05 mayo, 2010

Un día en el submundo


La basura se acumula por todas partes. Varias ratas campan a sus anchas por la microciudad dentro de la ciudad, que es tan suya como de miles de drogadictos que deambulan por las calles. La suciedad inunda los edificios. Plástico, papel, hojalata. Basureros sin tapadera, vendida al mejor postor. La pintura se evapora de las paredes, triste y desconsolada, porque nadie sabrá apreciar su belleza. Aquí manda el dinero. La droga. No hay ley, apenas orden.

Las mujeres, llevadas a la condición de marujas, se pelean por un trozo más de chocolate. Los maridos se chulean entre ellos, se sacan las navajas y discuten sobre quién se acostará con la mujer de quién por dinero. Los niños juegan, siendo en parte ajenos a la mugre que los rodea, aunque estén llenos de mierda hasta el cuello. Seres de pesadilla emergen de las profundidades. Están tan consumidos por la droga que apenas se adivina cómo se mantienen en pie, pues son puro hueso y pellejo. Miradas consumidas, mentes vacías. Aquí, todos los vivos están en realidad muertos.

Prostitutas vagando por las calles, con sus zapatitos diminutos, sus faldas cortas y su bolso. Un atuendo tópico, carente de imaginación, como las cabezas de esas criaturas. Rezuman amargura y tristeza. Cansancio. Hastío. Dar vueltas una y otra vez hasta que alguien te suba a su coche y así puedas acariciar con tu lengua los recovecos más oscuros de un ser repugnante que nunca te dirá “te quiero”, o apreciará que has cambiado el maquillaje para estar más atractiva, o se preocupará por el dolor de tu muñeca, o te abrazará y te llevará lejos de allí. Lejos de la pesadilla. Porque le gusta la carne. Y tú eres solo un trozo de carne que poderse follar. ¿Qué te creías, eh, puta?

Puestos y quioscos infectos de familias infectas, puntos de venta de droga, pantallas de plasma en salones de apartamentos V.P.O. Una ironía haciendo las delicias del humorista más macabro.

Y me llama la atención la mirada de un niño, aún brillando con una inocencia que muy pronto perderá, que lleva una camiseta verde y un balón en la mano. Y habla con voz dulce y explica que unas mujeres se están peleando, y lo dice con toda normalidad. Y a mí, casi se me llenan los ojos de lágrimas al ver la realidad a la que él se enfrenta cada día, tan solo un paseo turístico para mí.
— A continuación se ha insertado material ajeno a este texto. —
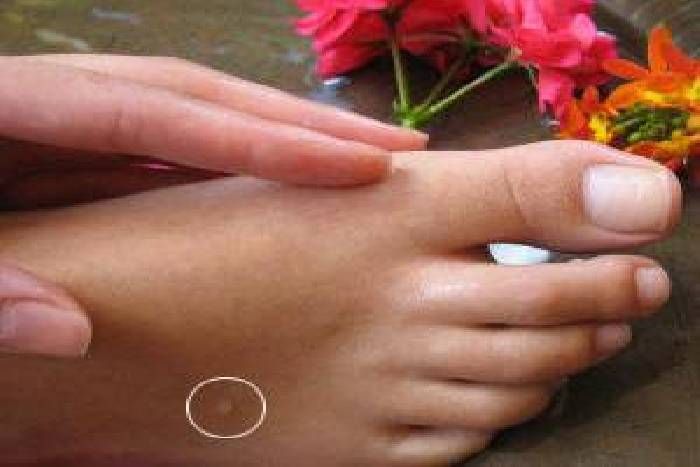इन आसान उपायों से मस्से हो जाएंगे गायब, आलू और प्याज भी आते हैं काम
Y desearía arrancarlo de allí, enseñarle mis libros, bañarlo, acariciarle el pelo, hacerle batidos de fresa o chocolate, regalarle peluches, besarlo. Darle amor en definitiva. Darle un futuro que no tiene y que nunca tendrá, porque la suerte se lo ha quitado.

No hay dios que les ayude, administración que les tienda una mano, Estado que les escuche. Son las criaturas del inframundo que vagan por la Tierra, sinley que tienen sangre blanca en lugar de roja, mugre por vestido y un futuro tan negro como sus ojos, ansiosos por consumir.

Mientras, la ciudad, llena de estrés, ciega sus ojos ante una realidad para ella inexistente, cena cada noche a las diez en punto comida caliente y bien dispuesta. La ciudad ve la televisión, asiste a la escuela, se emociona con la música, rueda en coches con seguro, juega en parques donde pincharse con una jeringuilla no es una opción.

Dentro de ella, la microciudad llora su abandono y su olvido. La microciudad es el gueto donde todo lo que no nos gusta se encuentra. El submundo queda reducido a tres mil viviendas, donde sesenta mil historias diferentes se enredan y se destruyen, donde se drogan y alucinan, donde existen sin conocer lo que es la vida. Solo la ley del más fuerte y los impulsos de la adicción.

Porque aquí, en el submundo, todos los vivos ya están, en realidad, muertos.